With a year and a half left in office, Bush and Secretary of State Condoleezza Rice have been urging meetings between Abbas and Olmert to establish a framework for momentum leading to a breakthrough at November's conference. Olmert and Abbas have been meeting bi-monthly in summits brokered by the U.S.
Already Olmert during the meetings has granted a number of security concessions to Abbas regarding increased Palestinian control of the West Bank.
The Israeli prime minister last month amnesty to 178 gunmen from Abbas' Fatah organization who comprise most of the senior leadership of the Al Aqsa Martyrs Brigades, the declared military wing of Fatah that is responsible for every suicide bombing in Israel the past three years.
Olmert is reportedly considering granting amnesty to 206 more Brigades terrorists. According to Palestinian officials, the Israeli Prime Minister already informed the PA that Fatah gunmen are largely immune from Israeli anti-terror raids regardless of whether they are officially on Olmert's amnesty list.

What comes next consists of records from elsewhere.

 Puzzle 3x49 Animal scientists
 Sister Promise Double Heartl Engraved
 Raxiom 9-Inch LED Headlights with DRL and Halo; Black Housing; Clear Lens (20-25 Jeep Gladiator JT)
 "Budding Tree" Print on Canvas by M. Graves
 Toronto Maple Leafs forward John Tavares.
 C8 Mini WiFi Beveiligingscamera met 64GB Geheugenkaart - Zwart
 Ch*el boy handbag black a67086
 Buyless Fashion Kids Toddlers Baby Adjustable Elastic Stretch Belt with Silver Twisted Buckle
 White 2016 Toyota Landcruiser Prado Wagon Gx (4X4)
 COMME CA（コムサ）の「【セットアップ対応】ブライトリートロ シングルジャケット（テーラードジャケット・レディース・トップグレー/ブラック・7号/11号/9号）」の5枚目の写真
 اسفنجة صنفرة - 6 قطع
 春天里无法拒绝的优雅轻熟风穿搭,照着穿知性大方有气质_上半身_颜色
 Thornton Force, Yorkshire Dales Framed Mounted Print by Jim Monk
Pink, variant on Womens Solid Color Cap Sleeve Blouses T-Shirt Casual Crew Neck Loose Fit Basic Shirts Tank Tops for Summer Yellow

Also, Olmert is strongly considering removing hundreds of Israel Defense Forces roadblocks and checkpoints situated in strategic sites located throughout the West Bank. The IDF sees the checkpoints as crucial in helping stop terrorists, including suicide bombers, from infiltrating Jewish cities.
As well, in a scantily-reported but major move, Israel last week started allowing armed Palestinian policemen to patrol areas in the West Bank that fall under Israeli security control according to the 1993 Oslo Accords. Security in the territory, referred to as Area B, is supposed to be ensured by the IDF, which still monitors the area but has allowed for an unprecedented stepped-up armed Palestinian security presence there.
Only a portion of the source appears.